Enfin, la CIDH reconnaît les défis actuels auxquels sont confrontés les États pour contenir la pandémie, ainsi que l'importance des directives pour l'isolement et l'isolement social. Dans le même temps, la Commission rappelle que l'adoption de mesures doit avoir comme condition indispensable la participation de femmes et d'experts en genre aux postes de décision dans les comités et groupes de travail en réponse à la crise provoquée par COVID-19, afin d'assurer l'intégration d'une perspective de genre dans la conception, la mise en œuvre, l'exécution et le suivi des mesures et politiques adoptées en réponse à la pandémie. Ce qui précède, basé sur une approche intersectionnelle prenant en compte les contextes et les conditions qui potentialisent les effets de la crise, tels que la précarité économique, le statut de migrant, la privation de liberté, l'origine ethnique et raciale, l'orientation et l'identité sexuelles et / ou l'expression du genre, entre autres.

À cet égard, et compte tenu du contexte de la pandémie de COVID-19, concernant la protection des droits des femmes, des filles et des adolescents, la Commission recommande aux États:

  1. Intégrer la perspective de genre à partir d'une approche intersectionnelle dans toutes les réponses des États pour contenir la pandémie, en tenant compte des différents contextes et conditions qui potentialisent la vulnérabilité à laquelle les femmes sont exposées, telles que l'insécurité économique, l'âge , statut de migrant ou de déplacé, statut de handicap, privation de liberté, origine ethnique-raciale, orientation sexuelle, identité et / ou expression de genre, entre autres.

  2. Reformuler les mécanismes traditionnels de réponse à la violence de genre, en adoptant des canaux de communication alternatifs ainsi que des lignes de soins d'urgence, ainsi qu'en favorisant le renforcement des réseaux communautaires afin d'élargir les moyens de signalement et les ordonnances de protection dans le cadre de la période de confinement et restrictions de mobilité. De même, assurer la disponibilité de refuges et de refuges pour femmes victimes de violence domestique, dans lesquelles les conditions existent pour adopter des mesures de prévention de la contagion.

  3. Élaborer des protocoles de prise en charge et renforcer la capacité des agents de sécurité et des acteurs de la justice impliqués dans les enquêtes et la répression des actes de violence domestique, ainsi que la distribution de documents d'orientation sur le traitement de ces cas dans toutes les institutions. état.
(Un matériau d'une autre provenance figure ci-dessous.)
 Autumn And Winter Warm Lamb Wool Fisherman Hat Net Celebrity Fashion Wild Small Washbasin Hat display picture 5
  4. Garantir la disponibilité et la continuité des services de santé sexuelle et génésique pendant la crise pandémique, en augmentant, en particulier, les mesures pour une éducation sexuelle complète et la diffusion d'informations dans des médias accessibles et dans un langage adéquat, afin d'atteindre les les femmes dans leur diversité.
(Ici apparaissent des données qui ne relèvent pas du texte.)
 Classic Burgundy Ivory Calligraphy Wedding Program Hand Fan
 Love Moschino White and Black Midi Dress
  5. Renforcer les politiques de sécurité alimentaire et les filets de sécurité sociale dans une perspective de genre, y compris les politiques de revenu minimum et de fourniture de soins de santé axées sur les besoins spécifiques de ces femmes dans la lutte contre la crise générée par COVID-19.

La CIDH est un organe principal et autonome de l'Organisation des États américains (OEA), dont le mandat découle de la Charte de l'OEA et de la Convention américaine des droits de l'homme. La Commission interaméricaine a pour mandat de promouvoir le respect et la défense des droits de l'homme dans la région et agit en tant qu'organe consultatif auprès de l'OEA dans ce domaine. La CIDH est composée de sept membres indépendants élus par l'Assemblée générale de l'OEA à titre personnel et ne représentant pas leur pays d'origine ou de résidence.